Quiero decir que, por el hecho de
ser una escritora española, no tengo que ser preguntada una y otra vez
por la maldita Guerra Civil, de la misma manera que a nadie se le ocurre
preguntarle a un escritor francés por el colaboracionismo de Pétain,
con el agravante de que esto último tendría incluso más sentido
cronológico, porque la guerra mundial terminó seis años más tarde que la
nuestra.
Hace 42 años que murió Franco, 78 que acabó la Guerra Civil:
la España de hoy no se reduce a eso, por favor.

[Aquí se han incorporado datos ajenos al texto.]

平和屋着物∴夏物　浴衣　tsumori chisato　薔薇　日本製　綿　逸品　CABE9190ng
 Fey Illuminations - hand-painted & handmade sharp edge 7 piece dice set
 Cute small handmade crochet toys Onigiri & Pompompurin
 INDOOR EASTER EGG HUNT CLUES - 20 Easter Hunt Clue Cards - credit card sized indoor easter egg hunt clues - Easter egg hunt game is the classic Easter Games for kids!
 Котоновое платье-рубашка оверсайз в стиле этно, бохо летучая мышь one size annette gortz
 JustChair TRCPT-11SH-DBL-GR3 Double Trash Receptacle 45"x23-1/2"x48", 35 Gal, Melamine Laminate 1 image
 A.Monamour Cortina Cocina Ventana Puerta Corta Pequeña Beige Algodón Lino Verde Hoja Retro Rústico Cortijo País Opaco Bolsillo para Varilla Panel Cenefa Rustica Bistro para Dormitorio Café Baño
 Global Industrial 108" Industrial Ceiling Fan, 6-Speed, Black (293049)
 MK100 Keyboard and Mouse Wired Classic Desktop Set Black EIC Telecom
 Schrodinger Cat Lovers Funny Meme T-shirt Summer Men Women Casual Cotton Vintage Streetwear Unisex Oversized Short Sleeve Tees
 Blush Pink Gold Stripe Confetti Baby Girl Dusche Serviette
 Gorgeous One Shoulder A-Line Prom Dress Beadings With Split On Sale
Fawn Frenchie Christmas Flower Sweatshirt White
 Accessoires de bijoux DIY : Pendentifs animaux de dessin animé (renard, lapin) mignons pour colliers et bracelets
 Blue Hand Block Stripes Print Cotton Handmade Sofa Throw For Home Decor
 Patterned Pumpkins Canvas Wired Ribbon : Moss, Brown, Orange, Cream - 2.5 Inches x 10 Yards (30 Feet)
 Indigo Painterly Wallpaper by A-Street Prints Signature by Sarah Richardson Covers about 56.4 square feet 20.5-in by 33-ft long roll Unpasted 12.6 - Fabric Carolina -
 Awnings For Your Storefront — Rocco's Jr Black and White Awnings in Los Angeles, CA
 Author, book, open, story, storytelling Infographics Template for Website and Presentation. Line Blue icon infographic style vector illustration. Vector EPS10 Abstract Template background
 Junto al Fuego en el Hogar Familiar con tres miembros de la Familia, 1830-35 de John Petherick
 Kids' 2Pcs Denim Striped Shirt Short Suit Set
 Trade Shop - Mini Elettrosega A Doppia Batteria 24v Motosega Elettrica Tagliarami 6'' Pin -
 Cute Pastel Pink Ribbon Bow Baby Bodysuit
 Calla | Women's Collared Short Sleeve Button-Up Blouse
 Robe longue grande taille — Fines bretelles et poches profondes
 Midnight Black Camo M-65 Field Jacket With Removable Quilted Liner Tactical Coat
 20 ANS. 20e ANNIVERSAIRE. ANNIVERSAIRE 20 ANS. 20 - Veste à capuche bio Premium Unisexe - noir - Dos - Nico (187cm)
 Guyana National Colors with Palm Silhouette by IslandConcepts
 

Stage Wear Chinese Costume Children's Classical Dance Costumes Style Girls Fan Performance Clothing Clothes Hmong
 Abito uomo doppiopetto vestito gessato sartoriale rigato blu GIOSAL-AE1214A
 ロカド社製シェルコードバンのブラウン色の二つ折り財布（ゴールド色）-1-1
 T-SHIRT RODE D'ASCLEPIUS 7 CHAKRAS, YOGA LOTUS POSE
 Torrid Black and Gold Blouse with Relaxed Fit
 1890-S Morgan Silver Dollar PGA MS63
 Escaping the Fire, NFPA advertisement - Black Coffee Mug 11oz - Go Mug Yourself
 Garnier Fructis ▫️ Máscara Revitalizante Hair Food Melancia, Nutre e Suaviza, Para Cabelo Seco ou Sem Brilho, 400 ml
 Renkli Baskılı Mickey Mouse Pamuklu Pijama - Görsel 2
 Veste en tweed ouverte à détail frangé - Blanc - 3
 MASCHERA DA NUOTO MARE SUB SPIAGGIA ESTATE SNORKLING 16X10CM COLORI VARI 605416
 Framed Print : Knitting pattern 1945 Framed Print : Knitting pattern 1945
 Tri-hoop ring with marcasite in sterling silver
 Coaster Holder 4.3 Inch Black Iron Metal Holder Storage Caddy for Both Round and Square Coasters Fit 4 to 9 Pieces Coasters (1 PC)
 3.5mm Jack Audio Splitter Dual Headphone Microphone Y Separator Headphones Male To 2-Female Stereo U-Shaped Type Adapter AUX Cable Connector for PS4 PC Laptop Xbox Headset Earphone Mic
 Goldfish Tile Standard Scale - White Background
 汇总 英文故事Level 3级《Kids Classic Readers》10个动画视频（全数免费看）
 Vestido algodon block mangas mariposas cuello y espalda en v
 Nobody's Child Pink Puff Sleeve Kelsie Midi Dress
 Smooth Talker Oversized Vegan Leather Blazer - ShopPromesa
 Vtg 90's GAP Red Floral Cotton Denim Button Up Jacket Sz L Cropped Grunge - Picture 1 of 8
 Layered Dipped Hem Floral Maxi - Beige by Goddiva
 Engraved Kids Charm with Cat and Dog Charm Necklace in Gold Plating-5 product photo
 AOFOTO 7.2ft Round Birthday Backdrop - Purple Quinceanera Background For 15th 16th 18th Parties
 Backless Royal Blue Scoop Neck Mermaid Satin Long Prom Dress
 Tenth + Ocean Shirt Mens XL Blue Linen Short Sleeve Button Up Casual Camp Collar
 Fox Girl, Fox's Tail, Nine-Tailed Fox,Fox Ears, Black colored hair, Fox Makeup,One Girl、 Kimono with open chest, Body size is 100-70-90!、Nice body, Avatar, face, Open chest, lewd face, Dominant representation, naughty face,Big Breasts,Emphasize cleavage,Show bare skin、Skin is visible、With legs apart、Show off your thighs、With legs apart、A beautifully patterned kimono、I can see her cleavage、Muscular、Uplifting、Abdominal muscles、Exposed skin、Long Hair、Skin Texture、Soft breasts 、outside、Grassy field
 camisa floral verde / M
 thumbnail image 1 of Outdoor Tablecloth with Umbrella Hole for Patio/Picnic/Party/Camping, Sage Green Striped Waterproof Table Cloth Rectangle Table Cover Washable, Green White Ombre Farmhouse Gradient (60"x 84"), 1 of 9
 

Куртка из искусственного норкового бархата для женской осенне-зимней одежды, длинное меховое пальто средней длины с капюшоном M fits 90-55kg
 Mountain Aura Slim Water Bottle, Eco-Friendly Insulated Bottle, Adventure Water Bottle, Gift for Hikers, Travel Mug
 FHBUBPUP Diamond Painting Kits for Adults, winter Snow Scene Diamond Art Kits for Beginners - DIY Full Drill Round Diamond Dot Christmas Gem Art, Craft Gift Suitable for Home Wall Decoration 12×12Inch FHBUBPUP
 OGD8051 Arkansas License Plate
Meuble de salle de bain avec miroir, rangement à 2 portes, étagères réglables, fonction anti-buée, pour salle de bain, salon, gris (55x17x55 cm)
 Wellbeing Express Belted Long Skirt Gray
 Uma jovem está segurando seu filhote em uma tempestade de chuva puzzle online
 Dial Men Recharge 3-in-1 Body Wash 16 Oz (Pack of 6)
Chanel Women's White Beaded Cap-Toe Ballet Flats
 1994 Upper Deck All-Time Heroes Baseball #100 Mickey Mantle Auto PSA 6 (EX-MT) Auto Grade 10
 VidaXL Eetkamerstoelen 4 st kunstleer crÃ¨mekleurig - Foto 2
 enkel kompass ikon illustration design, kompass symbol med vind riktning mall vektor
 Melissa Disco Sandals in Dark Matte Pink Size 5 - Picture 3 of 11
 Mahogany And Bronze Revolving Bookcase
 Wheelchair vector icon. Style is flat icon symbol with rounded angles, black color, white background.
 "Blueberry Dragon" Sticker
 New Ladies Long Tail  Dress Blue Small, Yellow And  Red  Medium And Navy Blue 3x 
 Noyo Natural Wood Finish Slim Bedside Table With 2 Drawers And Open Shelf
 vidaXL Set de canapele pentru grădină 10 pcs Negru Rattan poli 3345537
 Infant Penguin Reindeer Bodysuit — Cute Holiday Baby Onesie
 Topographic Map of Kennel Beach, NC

Pero ahí sigue aleteando el tópico.
España es sinónimo de Guerra Civil, machismo, toreros, Iglesia y
flamencas con bata de lunares.
Y yo me aburro de repetir que, según el
Eurobarómetro, el machismo español está en la zona media-baja (aunque
siga existiendo, por supuesto: hay sexismo en todas partes); que apenas
un 35% de la población apoya los toros (y entre menores de 24 años, sólo
un 16%); que somos uno de los países menos religiosos del planeta (sólo
un 26% se declaran católicos practicantes, sólo un 35% marcan la
casilla de la Iglesia en la renta), y que las flamencas forman parte de
nuestra rica y complejísima cultura, pero son tan sólo un ingrediente
más de ese mosaico y, aunque nos guste verlas, muchos no nos sentimos
representados por ellas.
Pero hete aquí que ahora, con este salto para atrás que siempre fomentan
las ebulliciones nacionalistas, sean del signo que sean, se diría que
los tópicos más viejos y casposos están levantando la cabeza.
Verán, a
mí me parece de perlas que haya gente a la que le encante Manolo Escobar
con su carro, sus no me gusta que a los toros te pongas la minifarda y
sus vivas patrióticos, y seguro que el cantante fue un buen hombre, pero
considero lamentable intentar reducir la moderna y poliédrica España de
hoy a ese mensaje elemental y arcaico, que para bailar achispado en una
boda puede funcionar, pero como eslogan político da pavor.
Esta queja
puede parecer una frivolidad con la que está cayendo, pero es que los
símbolos son importantes porque las ideologías se amparan y engordan
bajo ellos.
¿Que viva España? Pues mira, suplantada, empequeñecida y
secuestrada por la simpleza del hit escobariano, como que no.